Recently, I learned concepts of application and cluster maintenance in Kubernetes.
Rolling Updates and Rollbacks
When we try to update the deployments, there are basically two ways in Kubernetes to do the update.
-
Recreate: the number of related replica will be scaled down to zero and this means the deployment will have down time.
-
Rolling Update: the replica will be down and get updated one by one, which means the deployment will not have down time
Similarly way, if we found something wrong in the latest update, we may also use kubectl rollout undo <deployment>
to rollback the update.
Drain and Cordon
In cluster maintenance, if a node is unhealthy, we can definitely drain the node so that the application held by this node will be transferred to other nodes(if the application has replicaset). If the application in that node without replicaset, the application will disappear after we drain the node.

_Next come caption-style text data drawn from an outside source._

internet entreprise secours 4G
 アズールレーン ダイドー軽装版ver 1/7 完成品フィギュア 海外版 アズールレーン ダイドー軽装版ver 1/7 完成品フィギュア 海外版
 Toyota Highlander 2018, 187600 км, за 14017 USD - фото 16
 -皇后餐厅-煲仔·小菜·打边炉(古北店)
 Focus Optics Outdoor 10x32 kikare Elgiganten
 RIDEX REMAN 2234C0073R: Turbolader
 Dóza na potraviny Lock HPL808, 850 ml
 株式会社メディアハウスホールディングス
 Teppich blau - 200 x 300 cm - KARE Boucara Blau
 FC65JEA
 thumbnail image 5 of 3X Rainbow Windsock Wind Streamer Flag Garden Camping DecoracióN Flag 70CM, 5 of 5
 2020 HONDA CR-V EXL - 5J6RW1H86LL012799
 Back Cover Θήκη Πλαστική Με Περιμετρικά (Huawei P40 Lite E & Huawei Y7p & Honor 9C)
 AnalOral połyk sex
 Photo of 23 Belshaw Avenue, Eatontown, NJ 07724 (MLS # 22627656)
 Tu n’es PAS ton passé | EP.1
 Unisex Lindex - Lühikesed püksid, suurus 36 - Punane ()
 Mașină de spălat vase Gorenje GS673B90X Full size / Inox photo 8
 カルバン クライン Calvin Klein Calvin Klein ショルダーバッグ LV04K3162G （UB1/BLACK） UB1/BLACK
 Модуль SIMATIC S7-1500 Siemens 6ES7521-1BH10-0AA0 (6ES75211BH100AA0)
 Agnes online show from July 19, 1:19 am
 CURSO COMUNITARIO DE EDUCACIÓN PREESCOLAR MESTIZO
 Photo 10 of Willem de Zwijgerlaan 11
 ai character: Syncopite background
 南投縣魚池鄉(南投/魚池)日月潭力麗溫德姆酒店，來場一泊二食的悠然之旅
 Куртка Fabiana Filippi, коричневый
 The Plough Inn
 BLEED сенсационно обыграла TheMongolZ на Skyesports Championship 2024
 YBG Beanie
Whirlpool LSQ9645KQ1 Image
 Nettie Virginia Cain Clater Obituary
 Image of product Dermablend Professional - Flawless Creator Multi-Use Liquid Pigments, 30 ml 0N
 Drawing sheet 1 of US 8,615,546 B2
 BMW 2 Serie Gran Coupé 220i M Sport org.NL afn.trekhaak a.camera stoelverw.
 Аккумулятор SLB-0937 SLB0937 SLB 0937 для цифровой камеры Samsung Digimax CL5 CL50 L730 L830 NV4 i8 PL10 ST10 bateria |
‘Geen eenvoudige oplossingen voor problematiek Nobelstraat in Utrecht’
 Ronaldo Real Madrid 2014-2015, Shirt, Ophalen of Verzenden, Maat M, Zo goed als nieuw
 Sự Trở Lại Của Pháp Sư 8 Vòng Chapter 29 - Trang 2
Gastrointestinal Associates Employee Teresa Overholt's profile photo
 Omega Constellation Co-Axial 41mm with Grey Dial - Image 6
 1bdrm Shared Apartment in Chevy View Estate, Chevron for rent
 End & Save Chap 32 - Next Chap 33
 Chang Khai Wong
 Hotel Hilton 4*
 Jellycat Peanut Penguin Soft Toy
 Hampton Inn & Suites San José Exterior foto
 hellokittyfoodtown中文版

Cordon is a little bit different from drain. Drain will empty the node but cordon is to let the node unschedulable. The previous deployment or application can stay there but no more new application or deployment.
After we are done the maintenance of the node, we can run kubectl uncordon <node-name>
to make the node
schedulable again.
Upgrade Cluster Strategy
Kubernetes consist of multiple components. The version of them has some limitation due to some
dependency issue. For example, if the version of kube-apiserver is X
(1.10.0), the version of controller-manager and
kube-scheduler is allowed to be X-1
(1.9.0, 1.10.0) and the version of kubelet and kueb-proxy is allowed to be X-2
(1.8.0, 1.9.0, 1.10.0). For kubectl, it is allow to be from X+1
to X-1
(1.11.0, 1.10.0, 1.9.0).
It is recommend to upgrade one minor version at a time instead of multiple minor versions at a time. We
will first upgrade the master node. During the upgrade of master, the worker node functionality will not be
affected. We just cannot use control api to control worker node during the upgrade. And there are
three strategies to do the upgrade worker node.
- Upgrade all worker nodes at once, which require down time.
- Upgrade one node at a time, the applications in the upgrading node will be routed to other nodes. After the upgrade finished, the workload will be back to that node.
- Add new node with latest version and transfer the application or deployment one by one. This way is more optimal in a cloud environment since it is easy to provision new nodes.
Backup and Restore method
Backup in Kubernetes refers two things. One is backing up config and the other is backing up ETCD(the meta storage of Kubernetes).
Backing up config is easy to understand. We just need to save the config file somewhere. One typical way
to do the save is to run kubectl get pod <pod-name> -o yaml > pod-definition.yaml
.
I will talk about back up ETCD more. We can dump the ETCD by running ETCDCTL_API=3 etcdctl snapshot save snapshot.db
.
To restore the dump, we should stop the kube-apiserver first and run ETCDCTL_API=3 etcdctl snapshot restore snapshot.db
.
ETCDCTL_API=3
basically means we need to specify the ETCD_API version.
Sometimes, we need to restore the dump into a new cluster so that it will not accidentally join with an existing one.
Apart from this, we also need to specify the certificate argument to spawn up a server. Here are the arguments we need
to specify while spawning up the ETCD server: --endpoints
, --cacert
, --cert
, --key
.